Dua hari setelah merdeka, tepatnya 19 Agustus 1945, dibentuklah Kementerian Penerangan hingga dibubarkan di tahun 1999 setelah runtuhnya rezim Soeharto. Berkembangnya kegiatan penerangan di Indonesia juga ditandai dengan kemunculan Radio Republik Indonesia (RRI) pada tanggal 11 September 1945 dan Televisi Republik Indonesia (TVRI) pada tanggal 24 Agustus 1962.

Koleksi Museum

Lukman menjelaskan koleksi yang ada di dalam museum ini dibagi menjadi 5 bidang, sesuai  dengan histori kelembagaannya. Lima bidang tersebut meliputi pers dan grafika (termasuk media massa cetak), penerangan umum, film, televisi, serta radio.  Total koleksi museum ini berjumlah 452 buah meliputi lima bidang tersebut.

“Kami membagi koleksi ini menjadi 5 kategori untuk memudahkan pengunjung serta pemandu yang ingin melihat koleksi museum ini,” ucap Lukman.

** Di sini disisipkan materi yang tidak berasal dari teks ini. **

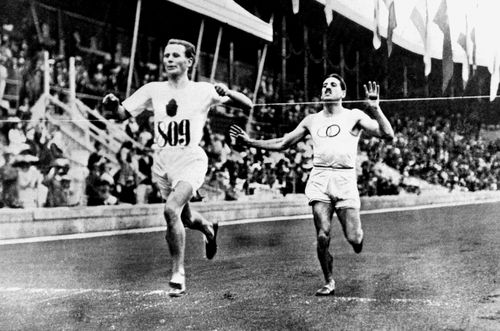 Kohlemainen y Bouin llegando a meta en los 5000 metros de Estocolmo 1912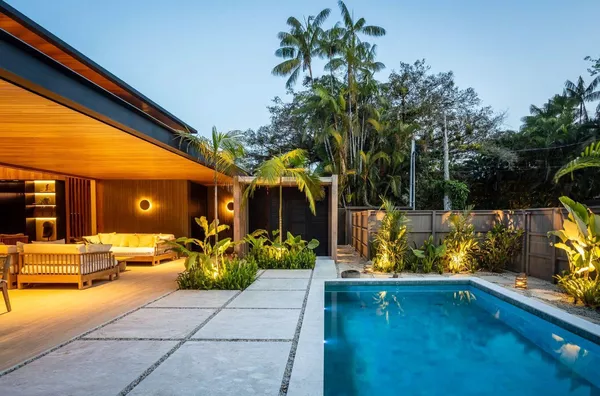 Design, conforto e mar — a essência de Itamambuca em uma casa exclusiva.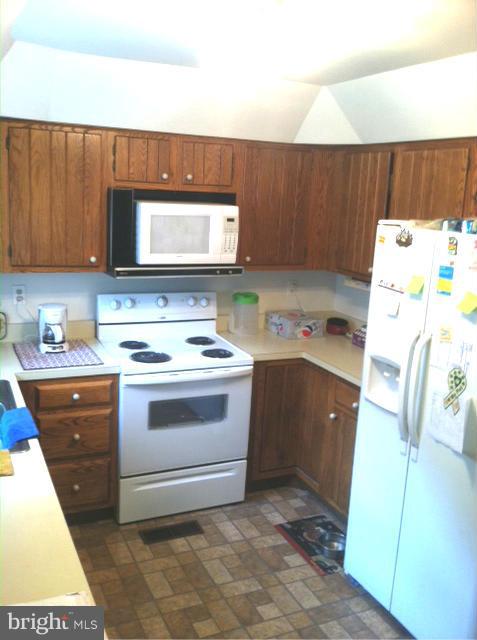 611 North Stuart Street Baltimore, MD 21221 - Photo 7 of 21 Kitchen
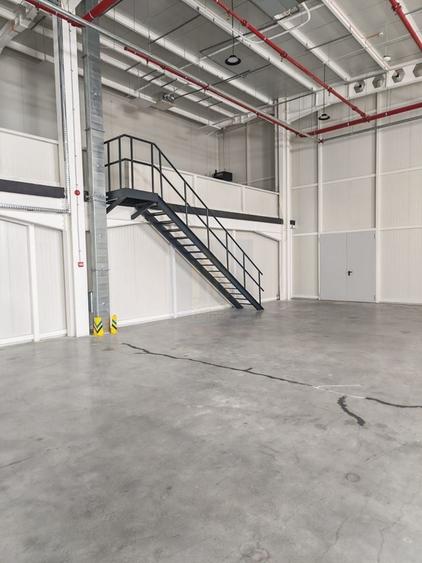 Spațiu industrial, de 460 mp, în Central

Koleksi tertua yang ada di museum ini adalah sebuah mesin tik huruf Jawa. Mesin tik ini mulai digunakan sejak tahun 1917 oleh Keraton Surakarta. Pada masa kemerdekaan, mesin tik ini digunakan untuk mengetik pengumuman perintah dengan huruf Jawa yang disebarluaskan di daerah Jawa Tengah dan Jawa Timur hingga tahun 1960.

Mesin cetak seberat 3,5 ton, mesin tik perintis kemerdekaan, dan surat kabar harian Andalas di tahun 1917, merupakan beberapa peninggalan di bidang pers cetak dan grafika. Selain benda-benda yang berhubungan dengan percetakan, ada juga peninggalan berupa satu unit sepeda motor tipe 49 cc Cyrus Sundapp. Sepeda motor tersebut telah berjasa untuk memperlancar tugas-tugas kantor berita Antara di bawah pimpinan Adam Malik.

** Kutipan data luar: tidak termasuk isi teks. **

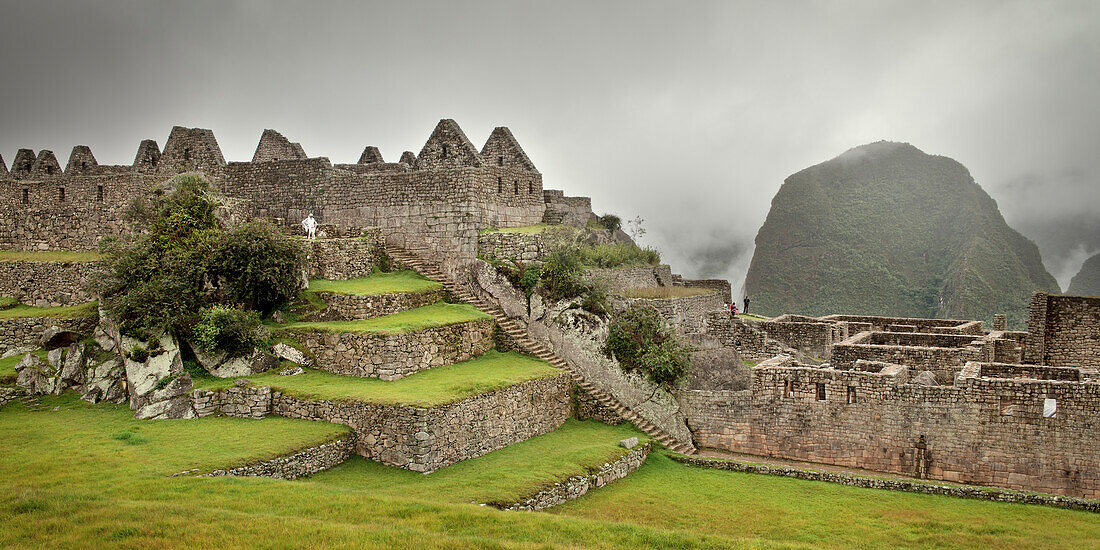 Blick auf Inka Ruinen bei Gewitter, Machu Picchu, Cusco, Cuzco, Peru, Anden, Südamerika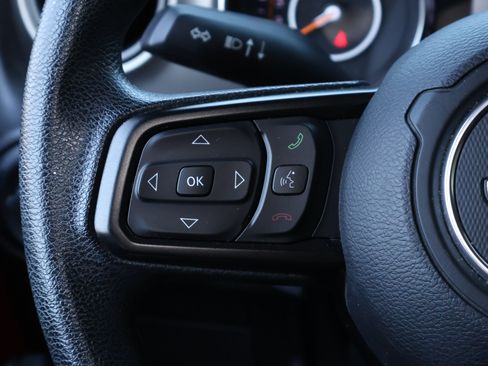 Used 2019 Jeep Wrangler Unlimited Sport AWD/4WD image 13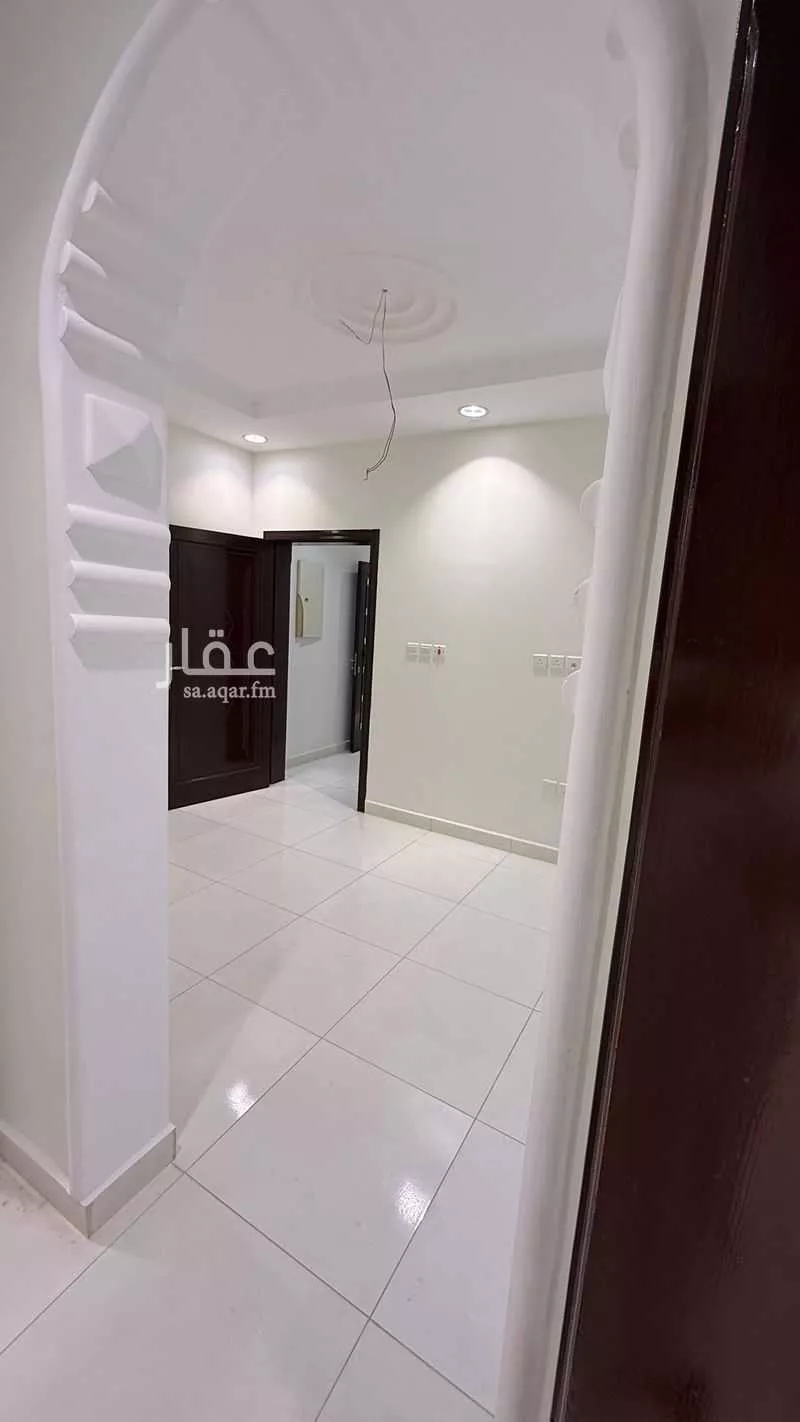 4 bedroom apartment in Al Fardus, Jeddah 6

Selain peninggalan dari pers dan grafika, ada juga beberapa peninggalan lain dari berbagai bidang. Kentongan berukir, terompet To’is, dan wayang suluh merupakan beberapa contoh koleksi dari bidang penerangan umum. Sedangkan untuk bidang film peninggalannya berupa megafon dan proyektor film dari tahun 1940.

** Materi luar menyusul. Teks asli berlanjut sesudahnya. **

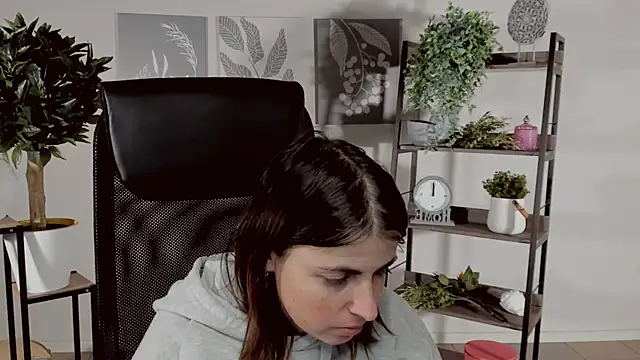 MartaEdams's cam snapshot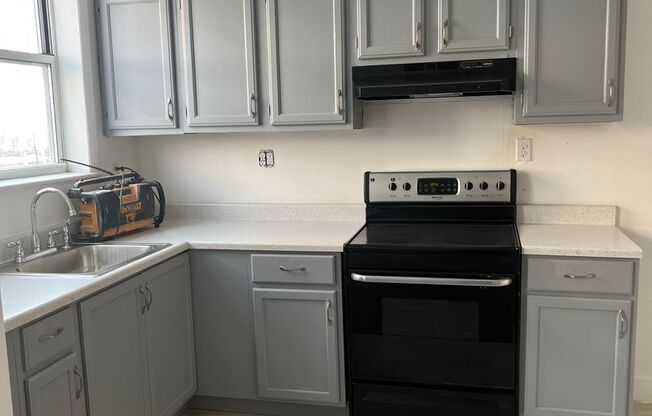 3 beds, 1 bath, $1,450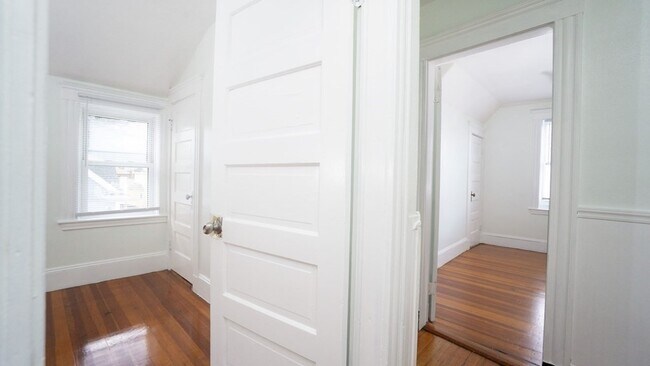 Building Photo - 28 Haslet St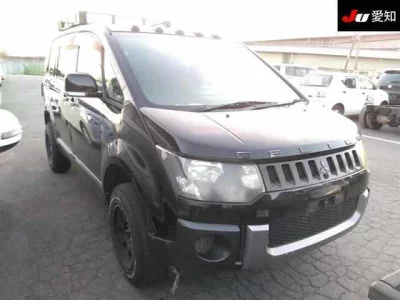 Mitsubishi DELICA D5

Bidang radio dan televisi juga memiliki koleksi yang tidak kalah menarik. Di bidang radio, ada peninggalan berupa gramaphone, alat pemutar piringan hitam, sedangkan di bidang televisi, ada kamera film yang digunakan untuk meliput Asian Games di tahun 1962.

Tidak hanya koleksi  berupa benda, di lantai dua museum penerangan ini juga ada diorama yang menceritakan sejarah penerangan Indonesia. Salah satu diorama tersebut menceritakan mengenai perjuangan penyiar RRI yang melawan pasukan PKI meski nyawa mereka diancam untuk memberitakan hal-hal yang tidak benar melalui siaran radio.

Koleksi serta peninggalan museum ini mebuat mata pengunjung terbuka. Ternyata, cukup lama waktu yang dilalui oleh pers Indonesia untuk meraih kebebasannya.